Market Recap: Markets collapsed yesterday as Hong Kong protests continued to escalate. The 10’s-2’s yield curve inverted for the first time, and the collapse in bond yields has everyone finally talking about slowing economic growth, which we have seen in the data since October of last year. The S&P 500 was down -2.95% on the day. Interest rates collapsed 9 basis points on the U.S. 10-year Treasury note, and long-term Treasuries and Gold rallied.
Economic Data: Trump’s Right! In our opinion, President Trump has nailed it as far as the Fed is concerned. The “mid-cycle” adjustment comments from Powell will go down in history as a colossal miscalculation and error in judgement and action. We began discussing the Fed moving more Dovish late last year and hoped they would cut interest rates to below the 2-year Treasury yield. Unfortunately, they did not cut rates enough and now they will have to string together a series of inconsistencies that the market will have to digest.

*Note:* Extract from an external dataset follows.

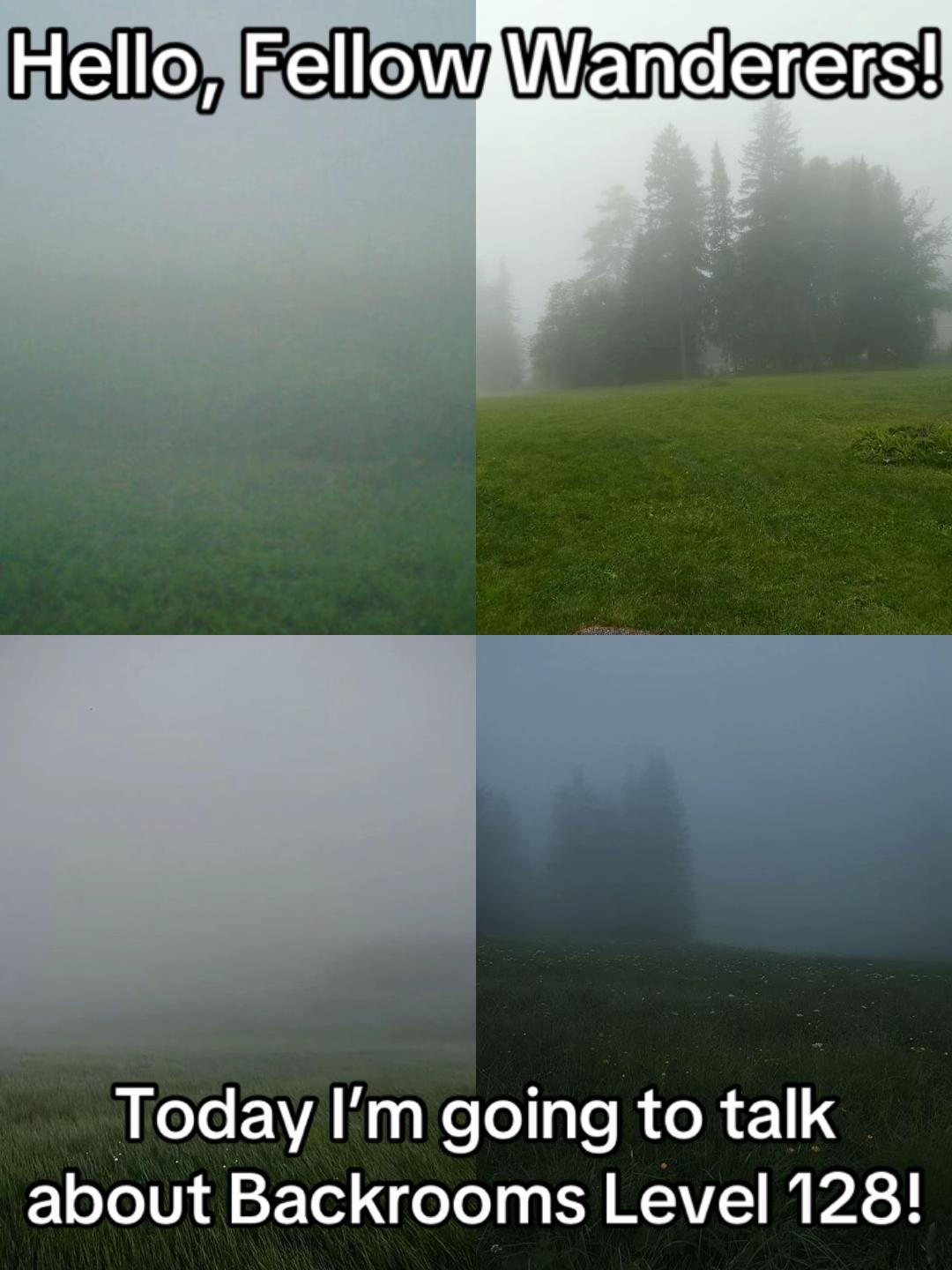 @Mister Wanderer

This is not a major confidence booster. As to not be just a complainer and actually point out the solution, here is what I would offer up to Chairman Powell as a suggestion: Cut interest rates to 1.50% in a surprise meeting or at Jackson Hole. This would allow a more data dependent approach going forward.
Volatility - Divergence: The VIX moved up significantly yesterday but failed to make a new high. This is a somewhat positive sign, as volatility tends to peak prior to equity market bottoms. We will be watching this closely over the coming sessions.
Major U.S. Market Indices: Most major broad market indices in the U.S. are below their 200-day moving averages as of the close yesterday. The S&P 500 and Nasdaq are the only indices still above their long-term moving averages. The Dow Jones Industrial Average closed below the 200-day moving average yesterday. Transports, and the Russell 2000 have downward sloping moving average suggesting a long-term negative trend. All major indices are in the same trading range that has governed price action for the last 18 months!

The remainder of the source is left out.